生粋のソロプレイヤーだったアンジェロは、ある程度の万能性が求められた為に、こういったサブ職をチョイスしたのである。ただし、スキルレベルが半端で器用貧乏な職でもあるので、そこは注意が必要である。ミノリが持つ「見習い従弟」と同じで、個々のスキルを最高レベルまで極める事が出来無いのだ。各スキルレベルは、サブ職レベルの半分(小数点以下の端数は切り上げ)となる。
「へえ、いいわねえ」
ドルチェが感心する様に言った。
「まあ、中身が男なら、ソウちゃんにちょっかい出される心配も無い訳だしね」
ドルチェのその言葉に、旅団の女性メンバー達からは、どこかホッとした空気が伝わって来たが、
(でも、キャラはあんなに美人だし、本当に男か解らないわよ?)
(口から出任せで、本当は狙っているのかもよ?)
(嫌だわ、私、とっても心配だわ)
そういうヒソヒソ話が聞こえて来たので、アンジェロは大声で、
「心配しなくても、あたしはノーマルだ!男、それも年下の後輩に手など出さんわ!」
と宣言した。少しムキになっていたので、後半の口調は男寄りになっていた。
「全くもう……」
と、また女の口調へと戻った。
「あのう……、ええと、アンジェロさん。
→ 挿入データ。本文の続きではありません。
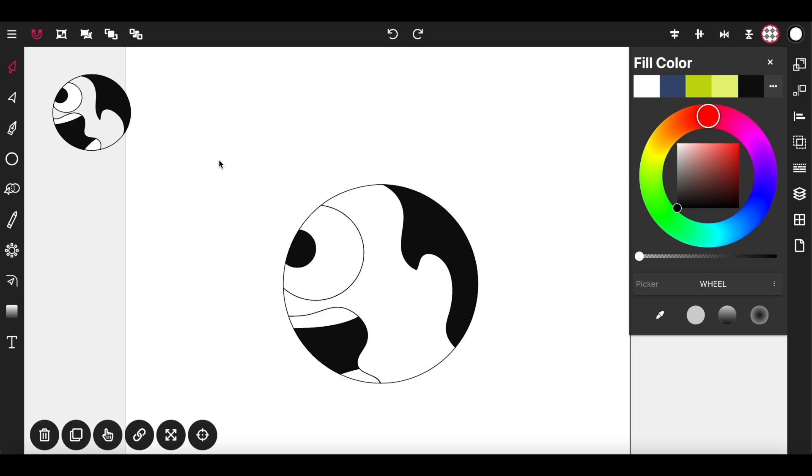So as you can see, vector ink's path builder tool is a very convenient tool when drawing in the vector environment.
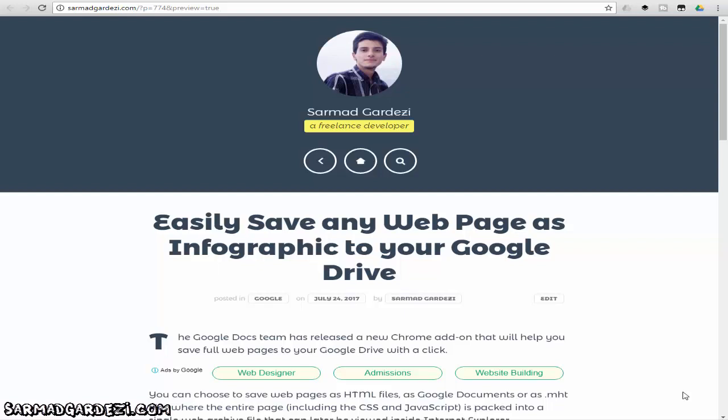Hello friends, my name is Sarmad, and in today's video I'm sharing a very interesting way of saving a whole page into your Google Drive in the form of an infographic. Most designers, companies, or anyone who wants to take a screenshot in the form of an infographic of a whole website—this tutorial is for them, and they can do it in less than two minutes, maybe even one minute.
それでですね」
ソウジロウが遠慮がちに口を開いた。
「さっき少し伺った武器なんですけど、良かったら僕にも見せてもらえませんか?」
ソウジロウは武士なので、守護戦士が使う剣は使えないのだが、やはり興味がある様だった。
「もちろん、いいよ」
アンジェロはそう言うと、「魔剣・無敵の刃」を取り出して鞘から抜き、ソウジロウに見せた。
「これが、伝説の武器なんですか……」
ソウジロウが驚いた様な、うれしそうな表情で言った。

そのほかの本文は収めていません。